- Born: 7 March 1947 (age 79) Schakkebroek, Belgium
- Occupations: Entrepreneur (active since 1986) Former Cyclist
- Known for: Founder of bioracer

= Raymond Vanstraelen =

Raymond Vanstraelen (born 7 March 1947) is a Belgian entrepreneur and former cyclist. He is the founder of the sports apparel company bioracer, known for incorporating biomechanical measurement and analysis into high-performance cycling clothing.

== Biography ==
Vanstraelen began his career as an amateur cyclist, competing for nine years and winning 72 races, including the Championship of Limburg in 1967, Köln Schulz in 1970, and the Vuelta Ampurdan in 1973. He received offers to turn professional but declined due to financial uncertainty, choosing instead to work for the former Belgian telecommunications company Proximus (then R.T.T.).

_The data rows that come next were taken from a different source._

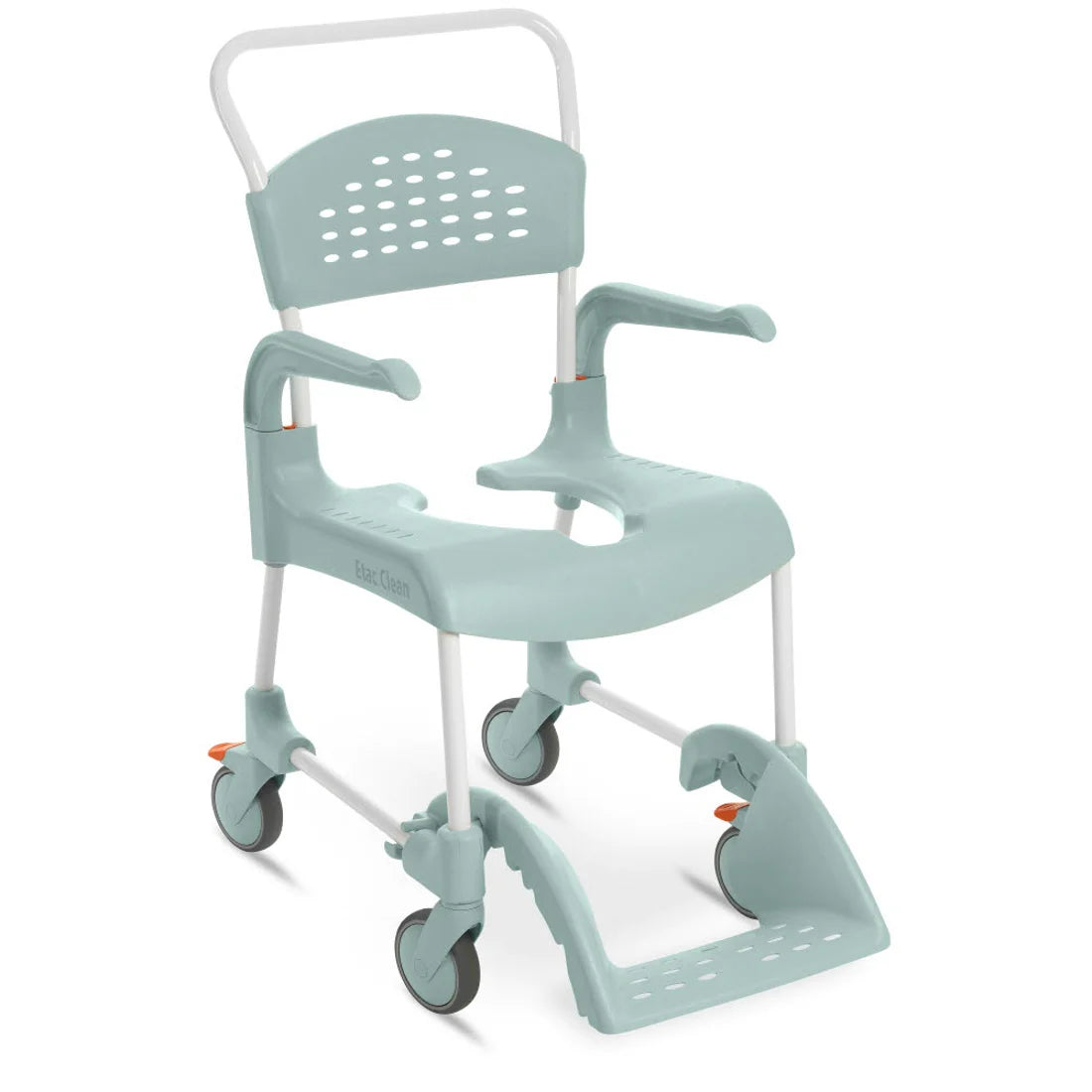 Etac Clean Dusch- & Toilettenrollstuhl – schmal, sicher & pflegeleicht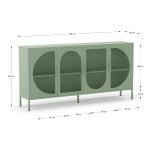 Credenza Tayra in metallo con 4 ante 160 cm. verde menta
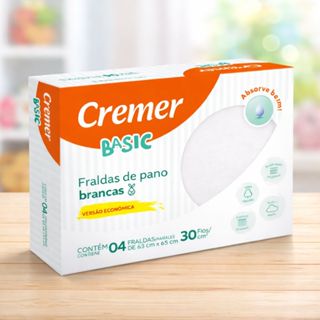 Fralda de Pano Branca Basic 65x63cm Caixa com 4 Unidades Bebê em Oferta na Shopee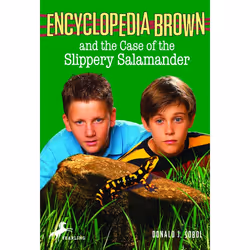 ISBN Encyclopedia Brown and the Case of the Slippery Salamander, English, Paperback, 96 pages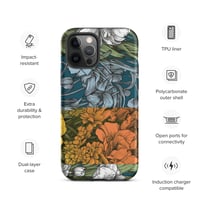 Image 13 of Art Nouveau Inspired Colorful Quartet Boho Hippie Floral Sketch Tough Case for iPhone®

After obtaining his "Trainer A" qualification, he became a cycling coach at Bloso (now Sport Vlaanderen) in 1976, where he introduced ergonomic measurement techniques to improve rider performance. He founded Belgium's first dedicated cycling school, coaching riders such as Eric Vanderaerden, Guy Nulens, Johan Capiot and René Martens.

In 1986 Vanstraelen co-founded bioracer together with sports physician Yvan Van Mol, initially developing a biomechanical bike-fitting system. In 1988 he and his wife began producing cycling jerseys and rain jackets in Nieuwerkerken, inspired by ski clothing. Their first major customer was the professional cycling team Panasonic.

Bioracer became one of the first companies to adopt precision mannequins, later moving toward 3D body scanning and aerodynamic testing in wind tunnels to develop customized performance clothing. Vanstraelen emphasized innovation in technology, aerodynamics and human biomechanics.

Under his leadership, Bioracer expanded from a local company in Tessenderlo into a major European supplier of cycling apparel for professional teams and national federations, including INEOS Grenadiers, TotalEnergies and Belgian Cycling. The company also supplied national teams from Belgium, the Netherlands and Germany, and was represented at several Olympic Games.

Bioracer later expanded its aerodynamic innovations into suits for time-trial and track cycling, and eventually developed suits for Speed skating. The company also introduced a platform integrating aerodynamic and biomechanical data to optimize rider posture and equipment.

By 2022 Bioracer operated across multiple continents and produced around 15,000 new designs annually, while shifting production to Romania, North Macedonia, Tunisia and Colombia.

A failed leadership transition in 2000 almost bankrupted the company, but it was rescued by investment from the Limburg Reconversion Company (LRM), which became a co-shareholder. In 2017 Vanstraelen was succeeded as CEO by Danny Segers.

== Awards ==
Bioracer won the Limburg innovation award in 2012 for its one-piece Speedwear suit.

In 2019 the company received the Ambiorix Award, a regional business prize recognizing innovation and internationalization.

In 2024 Vanstraelen was nominated for the Flemish Sports Jewel for his contributions to elite sports development.